The news is the same each day, unyielding.
I say this way makes life easier
but the beloved waits, dormant in my heart.
Full of hunger, familiar with the diversion of Safeway
I have gone to stroll the aisles, a tourist
filling my bag like an eager mouth.
Pains lives in the dark of this hole, we cover it
quick as a burial. Sincere as prayer, I swear to God,
if you were my neighbor I’d ask you to dinner,
then wonder, if god is my nature this must be my heaven.
Tonight I saw the dark like a light blown out,
a cover to crawl under where I fell, undone.
I knew I needed someone. My dreams
have been hidden as stones deep in the ground.
I walk on the land of promise, head down,
staring at stains on the pavement
while the sky opens wide, facing dawn.
Coming up the moon is a dime shining on asphalt
in the rain. Coming over, that poor man takes the dime
into his flat pocket. Coming to this place I have woken up.

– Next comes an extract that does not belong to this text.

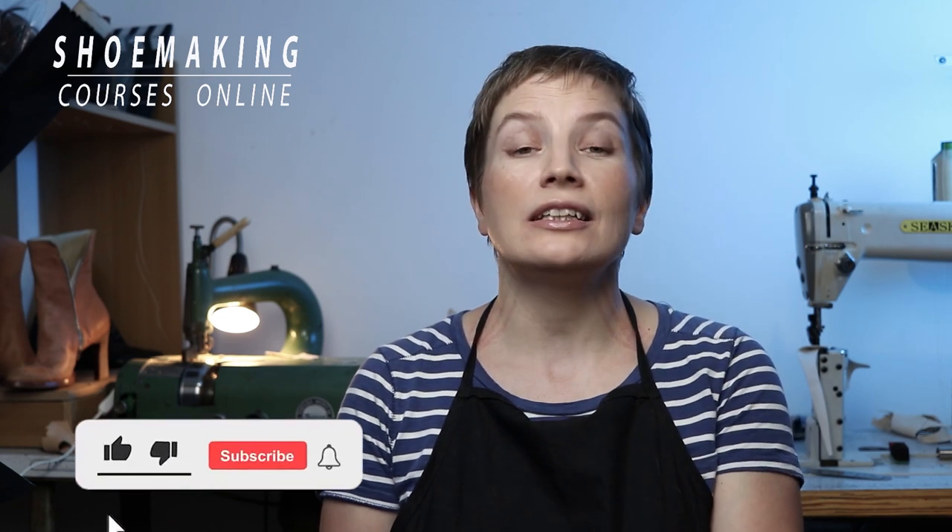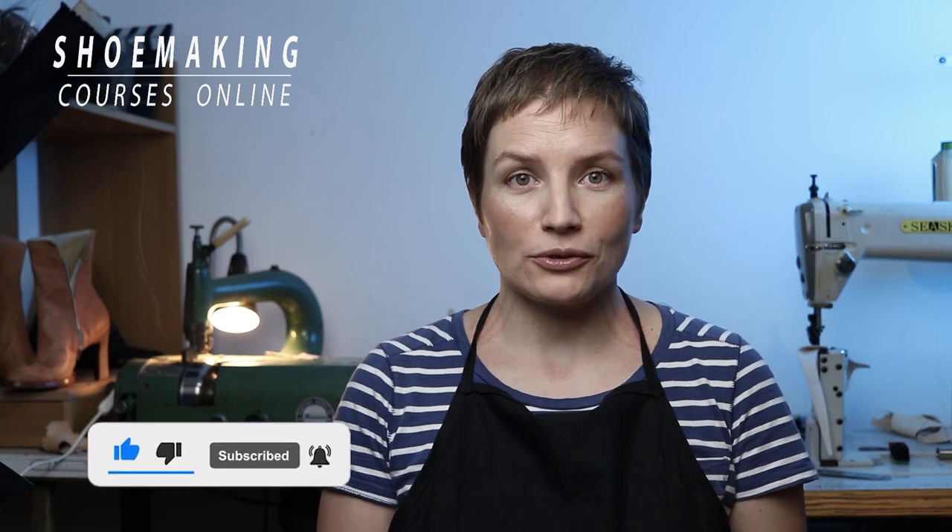Thank you for watching. Don't forget to comment below the video and ask your questions — I will try to answer all of them. Don't forget to subscribe to this channel and click the bell button to be notified when my new video will come out. Thank you again and see you in the next video. Bye.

Seeing through my face aging on the glass
I know this is it. This is the choice
to live or watch through the window,
the color of my cheeks there, faint as a tear,
the ghost of my reflection now moving out toward the street
where I am filled with the breath of the world.
Pausing in the doorway I am like everyone, familiar
with isolation, nervous, but certain that we are not strangers
I raise my head to look you in the eye.